**What you need to do:**
For the data below, give again exactly the lines from the one containing "Resale - Bungalow - Orihuela Costa" through the one containing "John Ternus est", both ends included, and no others.

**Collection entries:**

····················

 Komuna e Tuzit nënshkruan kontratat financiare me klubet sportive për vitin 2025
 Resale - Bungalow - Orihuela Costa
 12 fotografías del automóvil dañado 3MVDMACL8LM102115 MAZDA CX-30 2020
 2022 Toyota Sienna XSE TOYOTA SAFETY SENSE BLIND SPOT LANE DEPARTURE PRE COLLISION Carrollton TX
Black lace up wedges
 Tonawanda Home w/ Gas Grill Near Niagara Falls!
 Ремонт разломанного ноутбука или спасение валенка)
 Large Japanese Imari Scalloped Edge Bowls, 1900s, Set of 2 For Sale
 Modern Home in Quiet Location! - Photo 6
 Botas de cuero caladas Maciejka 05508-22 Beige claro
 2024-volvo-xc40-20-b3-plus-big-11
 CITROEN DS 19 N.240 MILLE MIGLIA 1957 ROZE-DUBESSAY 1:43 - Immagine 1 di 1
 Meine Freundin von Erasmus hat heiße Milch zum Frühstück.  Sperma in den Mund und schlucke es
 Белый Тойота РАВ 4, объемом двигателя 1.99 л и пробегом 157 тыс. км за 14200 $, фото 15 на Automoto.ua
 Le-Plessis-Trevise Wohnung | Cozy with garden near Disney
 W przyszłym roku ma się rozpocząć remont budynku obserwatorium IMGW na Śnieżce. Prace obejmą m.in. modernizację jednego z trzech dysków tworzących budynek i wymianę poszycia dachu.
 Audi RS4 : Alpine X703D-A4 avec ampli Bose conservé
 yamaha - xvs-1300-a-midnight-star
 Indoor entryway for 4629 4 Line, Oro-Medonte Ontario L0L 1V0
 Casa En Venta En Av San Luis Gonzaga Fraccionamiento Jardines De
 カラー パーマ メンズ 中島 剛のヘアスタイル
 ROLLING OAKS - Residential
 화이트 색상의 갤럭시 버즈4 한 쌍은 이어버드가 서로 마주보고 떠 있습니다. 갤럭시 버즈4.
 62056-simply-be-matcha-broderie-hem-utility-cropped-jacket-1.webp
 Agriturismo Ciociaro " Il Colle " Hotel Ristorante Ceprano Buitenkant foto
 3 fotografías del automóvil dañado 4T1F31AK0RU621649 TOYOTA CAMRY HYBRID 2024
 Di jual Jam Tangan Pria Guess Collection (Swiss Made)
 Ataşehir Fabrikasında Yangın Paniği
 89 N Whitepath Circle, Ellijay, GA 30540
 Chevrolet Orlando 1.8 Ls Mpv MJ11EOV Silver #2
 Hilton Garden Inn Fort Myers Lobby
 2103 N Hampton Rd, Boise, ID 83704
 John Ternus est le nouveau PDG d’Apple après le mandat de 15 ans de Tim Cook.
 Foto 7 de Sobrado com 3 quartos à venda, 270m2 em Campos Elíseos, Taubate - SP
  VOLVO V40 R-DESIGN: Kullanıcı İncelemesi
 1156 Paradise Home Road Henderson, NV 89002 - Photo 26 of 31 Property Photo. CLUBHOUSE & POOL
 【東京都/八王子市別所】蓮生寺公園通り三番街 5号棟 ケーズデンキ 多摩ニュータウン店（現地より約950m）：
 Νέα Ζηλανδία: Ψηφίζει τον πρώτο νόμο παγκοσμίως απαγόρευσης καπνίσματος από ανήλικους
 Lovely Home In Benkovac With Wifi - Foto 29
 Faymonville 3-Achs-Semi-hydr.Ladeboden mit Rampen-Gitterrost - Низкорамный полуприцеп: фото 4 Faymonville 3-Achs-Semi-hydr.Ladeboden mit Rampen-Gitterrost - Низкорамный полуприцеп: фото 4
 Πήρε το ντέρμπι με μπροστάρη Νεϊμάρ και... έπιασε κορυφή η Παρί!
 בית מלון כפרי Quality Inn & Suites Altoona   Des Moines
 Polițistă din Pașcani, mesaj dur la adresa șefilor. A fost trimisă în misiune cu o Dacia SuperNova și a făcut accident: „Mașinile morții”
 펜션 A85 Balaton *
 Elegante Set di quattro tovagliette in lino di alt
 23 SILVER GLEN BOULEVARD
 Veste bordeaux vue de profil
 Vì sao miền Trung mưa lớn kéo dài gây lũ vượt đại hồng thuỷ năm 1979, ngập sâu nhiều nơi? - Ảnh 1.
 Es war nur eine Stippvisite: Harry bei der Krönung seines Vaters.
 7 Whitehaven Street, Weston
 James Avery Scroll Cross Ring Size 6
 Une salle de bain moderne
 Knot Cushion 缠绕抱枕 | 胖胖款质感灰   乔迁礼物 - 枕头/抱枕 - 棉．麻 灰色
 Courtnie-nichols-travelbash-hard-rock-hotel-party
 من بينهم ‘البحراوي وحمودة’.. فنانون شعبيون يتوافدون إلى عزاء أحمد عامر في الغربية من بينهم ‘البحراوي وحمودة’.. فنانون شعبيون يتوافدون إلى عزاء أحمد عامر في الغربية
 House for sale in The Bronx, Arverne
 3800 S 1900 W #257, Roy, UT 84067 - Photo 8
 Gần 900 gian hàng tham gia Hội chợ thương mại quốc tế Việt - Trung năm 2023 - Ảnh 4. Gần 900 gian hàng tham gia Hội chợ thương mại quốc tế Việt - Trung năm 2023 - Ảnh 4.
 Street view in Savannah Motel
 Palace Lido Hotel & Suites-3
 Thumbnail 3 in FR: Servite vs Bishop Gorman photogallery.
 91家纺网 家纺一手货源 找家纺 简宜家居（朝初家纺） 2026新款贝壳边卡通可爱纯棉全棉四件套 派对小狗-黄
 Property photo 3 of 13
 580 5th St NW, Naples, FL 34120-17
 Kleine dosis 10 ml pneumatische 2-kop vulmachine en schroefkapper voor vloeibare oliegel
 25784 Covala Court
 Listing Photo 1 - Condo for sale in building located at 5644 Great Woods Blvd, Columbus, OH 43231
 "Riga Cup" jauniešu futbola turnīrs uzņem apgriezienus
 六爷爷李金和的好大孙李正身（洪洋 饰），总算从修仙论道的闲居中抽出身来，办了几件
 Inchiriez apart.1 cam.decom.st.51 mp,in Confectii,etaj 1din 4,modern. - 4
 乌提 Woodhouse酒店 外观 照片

····················

**Answer to this problem:**
 Resale - Bungalow - Orihuela Costa
 12 fotografías del automóvil dañado 3MVDMACL8LM102115 MAZDA CX-30 2020
 2022 Toyota Sienna XSE TOYOTA SAFETY SENSE BLIND SPOT LANE DEPARTURE PRE COLLISION Carrollton TX
Black lace up wedges
 Tonawanda Home w/ Gas Grill Near Niagara Falls!
 Ремонт разломанного ноутбука или спасение валенка)
 Large Japanese Imari Scalloped Edge Bowls, 1900s, Set of 2 For Sale
 Modern Home in Quiet Location! - Photo 6
 Botas de cuero caladas Maciejka 05508-22 Beige claro
 2024-volvo-xc40-20-b3-plus-big-11
 CITROEN DS 19 N.240 MILLE MIGLIA 1957 ROZE-DUBESSAY 1:43 - Immagine 1 di 1
 Meine Freundin von Erasmus hat heiße Milch zum Frühstück.  Sperma in den Mund und schlucke es
 Белый Тойота РАВ 4, объемом двигателя 1.99 л и пробегом 157 тыс. км за 14200 $, фото 15 на Automoto.ua
 Le-Plessis-Trevise Wohnung | Cozy with garden near Disney
 W przyszłym roku ma się rozpocząć remont budynku obserwatorium IMGW na Śnieżce. Prace obejmą m.in. modernizację jednego z trzech dysków tworzących budynek i wymianę poszycia dachu.
 Audi RS4 : Alpine X703D-A4 avec ampli Bose conservé
 yamaha - xvs-1300-a-midnight-star
 Indoor entryway for 4629 4 Line, Oro-Medonte Ontario L0L 1V0
 Casa En Venta En Av San Luis Gonzaga Fraccionamiento Jardines De
 カラー パーマ メンズ 中島 剛のヘアスタイル
 ROLLING OAKS - Residential
 화이트 색상의 갤럭시 버즈4 한 쌍은 이어버드가 서로 마주보고 떠 있습니다. 갤럭시 버즈4.
 62056-simply-be-matcha-broderie-hem-utility-cropped-jacket-1.webp
 Agriturismo Ciociaro " Il Colle " Hotel Ristorante Ceprano Buitenkant foto
 3 fotografías del automóvil dañado 4T1F31AK0RU621649 TOYOTA CAMRY HYBRID 2024
 Di jual Jam Tangan Pria Guess Collection (Swiss Made)
 Ataşehir Fabrikasında Yangın Paniği
 89 N Whitepath Circle, Ellijay, GA 30540
 Chevrolet Orlando 1.8 Ls Mpv MJ11EOV Silver #2
 Hilton Garden Inn Fort Myers Lobby
 2103 N Hampton Rd, Boise, ID 83704
 John Ternus est le nouveau PDG d’Apple après le mandat de 15 ans de Tim Cook.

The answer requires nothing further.